In “C’era una volta…Il Risorgimento” (Effatà Editrice), racconta a misura di bambino il Risorgimento e la storia dell’Unità d’Italia. Originale è la formula ideata per narrare: due ragazzi molto curiosi, Ester e Giulio, trovano in una soffitta un vecchio libro e, ‘catturati’ dal volto in copertina di ‘un nonno furbo e intelligente’, iniziano a leggerlo. E’ Verdi che narra il Risorgimento al suo nipotino Luciano, “perché – afferma l’autrice – con le sue opere ha infiammato gli animi dei giovani facendo scattare l’orgoglio patriottico”.
La galleria dei personaggi serve a delineare con chiarezza l’ideale romantico e nazionalista di una resurrezione dell’Italia, attraverso il raggiungimento di un’entità unitaria. Mazzini, Cavour, Garibaldi, Nino Bixio, Carlo Pisacane…, grandi personalità ma, anche figure minori, tutte narrate con un forte senso pedagogico e divulgativo. Non solo. Giovanni Bosco, Giuseppe Cafasso, Giuseppe Benedetto Cottolengo, tutti benefattori torinesi, i ‘santi sociali’, frutto dell’ispirazione filosofica e religiosa dell’autrice. Il libro, scritto in versi è correlato da disegni “perché questo – continua la scrittrice – è un modo divertente e accattivante per incuriosire i bambini”.

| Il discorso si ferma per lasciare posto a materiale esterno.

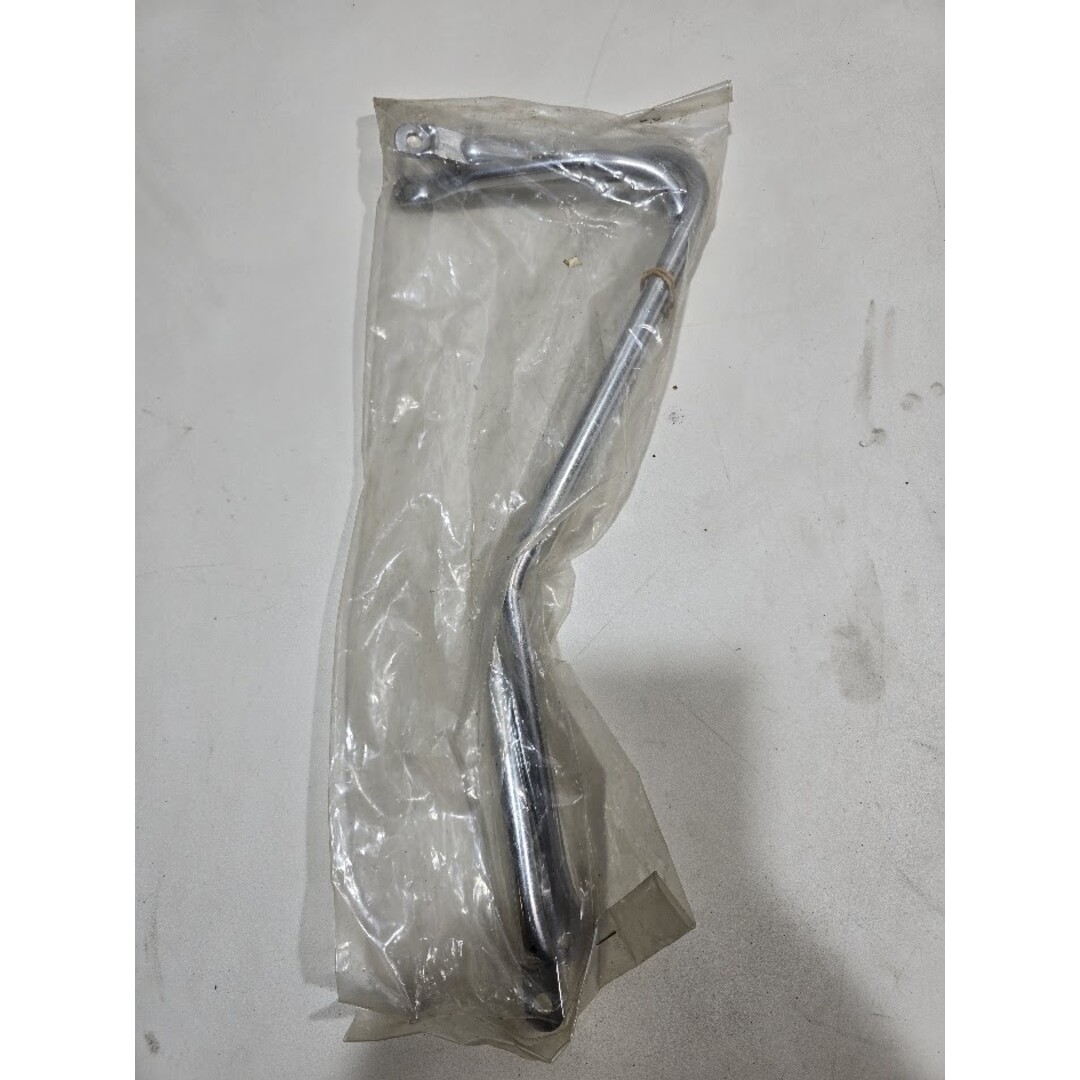 Puch Framebeugel Puch Maxi chroom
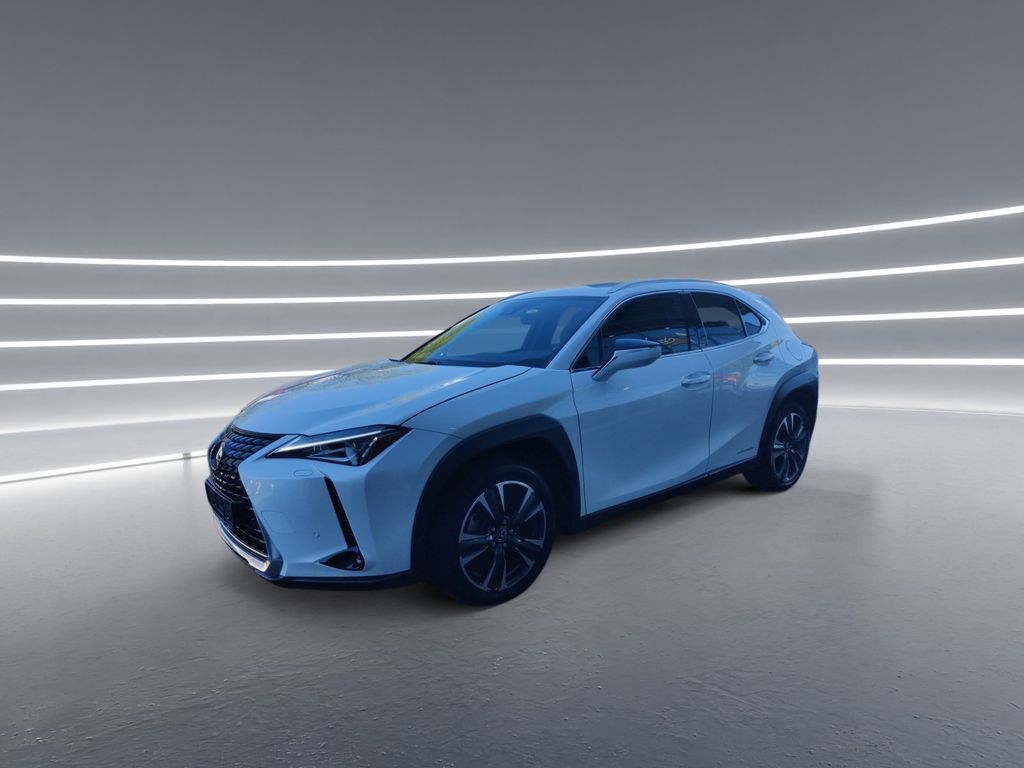 Image of Lexus UX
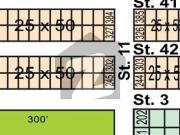 E12/3.5 Marla plot for sale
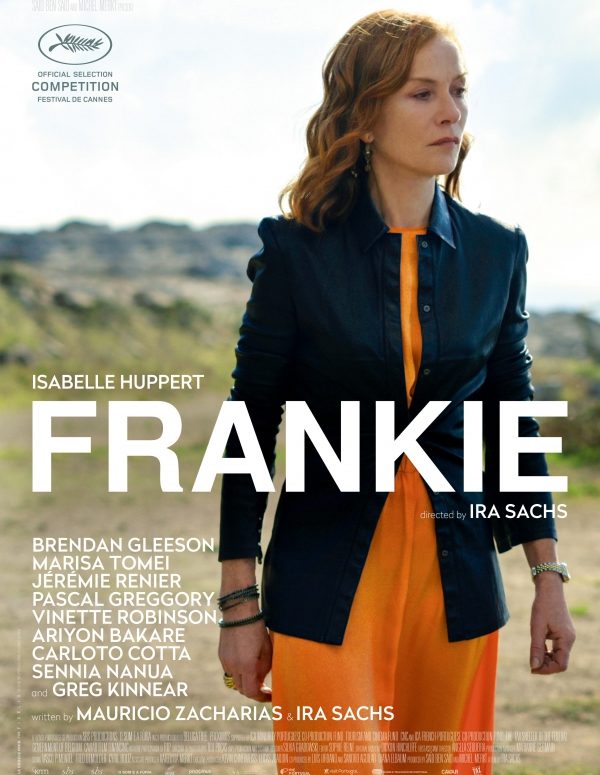 Ira Sachs, about Frankie : « you never cut for emotional emphasis » ( En anglais)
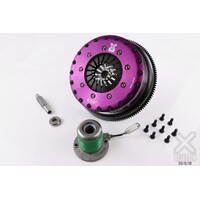 XClutch 09-10 Dodge Challenger R/T 5.7L 9in Triple Solid Ceramic Clutch Kit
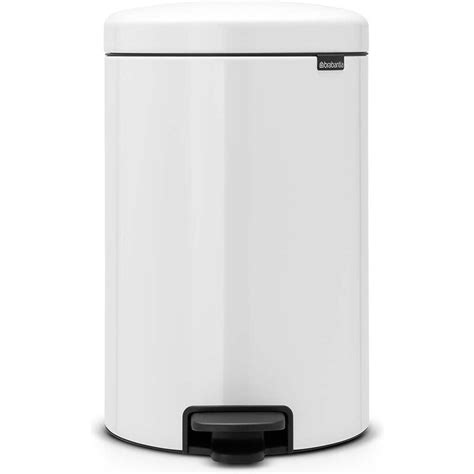 Brabantia Cestino Dei Rifiuti NewIcon 20 L Stileo It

Lo stile accurato, elegante e ingegnoso, presente in tutte le 45 filastrocche, è un invito per gli adulti a leggerle ai loro piccoli e recuperare così quella dimensione, oggi trascurata, dell’adulto che racconta e del bimbo che ascolta. “Vorrei scrivere di donne che hanno fatto la storia, nel bene e nel male, anche donne della Bibbia – conclude l’autrice – perché scrivo per educare e mi piace invitare i ragazzi alla riflessione”. E oggi, visto la società nella quale i giovani stanno crescendo, dove imperano le indecenze sociali, l’orgoglio per il malcostume, la seduzione corruttiva e il cinismo di risultati, il silenzio sarebbe concorso nel delitto di omissione.